Among them is Arauca community leader Álvaro Peña Barragán, who was gunned down in his brother’s home in the last week of January. He was the 12th social leader killed in Colombia this year. The next day, while his widow was grieving at her in-law’s house, gunmen shot and killed her too, reported The Washington Post.
According to The Washington Post, what makes this moment particularly alarming — civil society leaders say — is the targeting of social leaders and human rights defenders. Both FARC dissidents and the ELN threaten and kill local leaders they accuse, often without evidence, of having links to the opposing side.

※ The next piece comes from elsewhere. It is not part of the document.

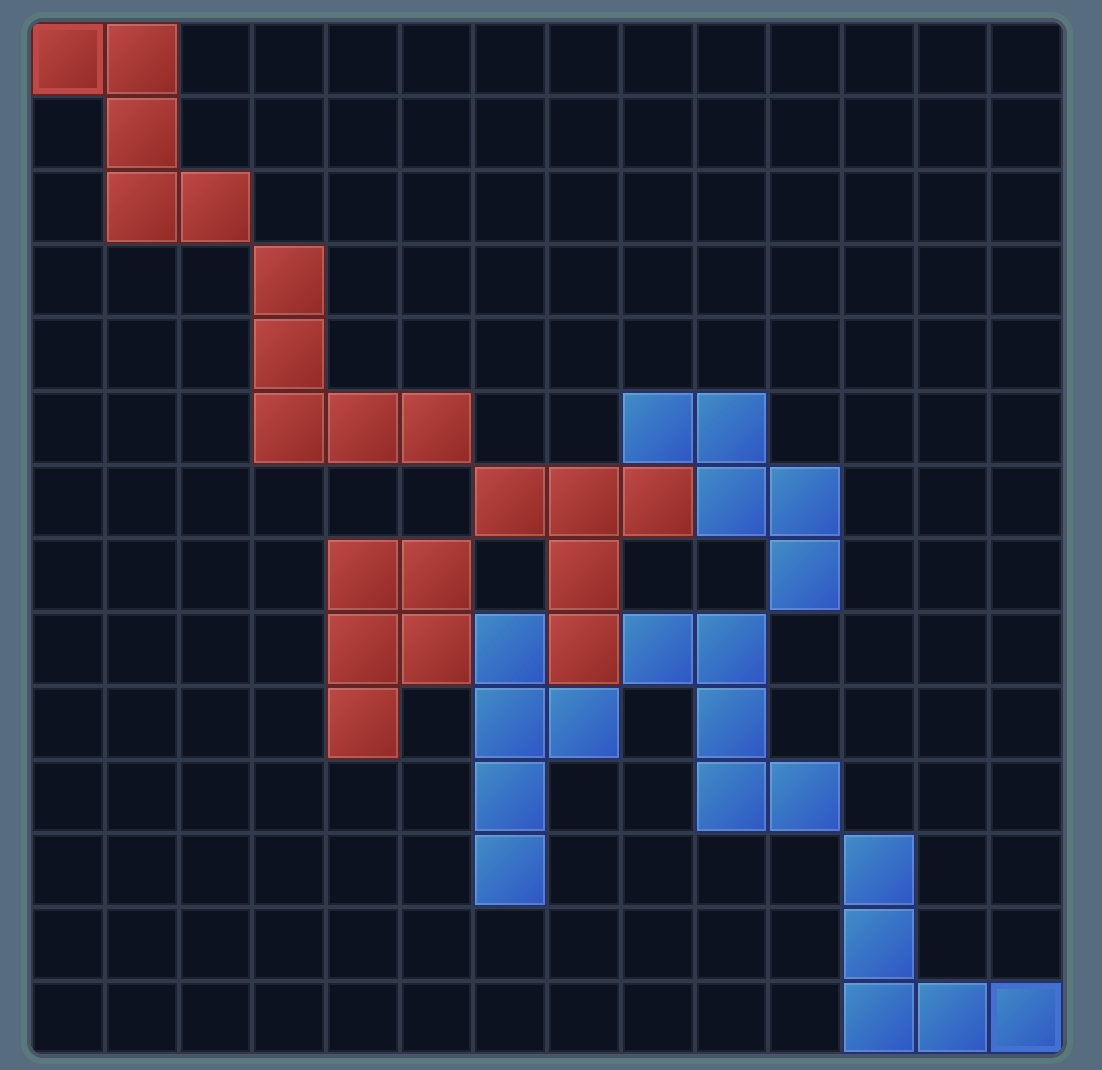 コーナー・コンケスト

The International Committee of the Red Cross (ICRC) is concerned about the deterioration of the humanitarian situation in Arauca — i.e., how difficult it has become for the civilian population to meet their essential needs — and how it’s affecting the infrastructure civilians rely on, such as housing and health care facilities in both urban and rural areas, according to a February 4 report of the United Nations Office for the Coordination of Humanitarian Affairs (OCHA).
Arauca is a department of eastern Colombia, with a population of about 260,000 people, located in the extreme north of the Orinoco Basin, bordering Venezuela, and plays an important role in Colombia’s oil and cattle ranching industries.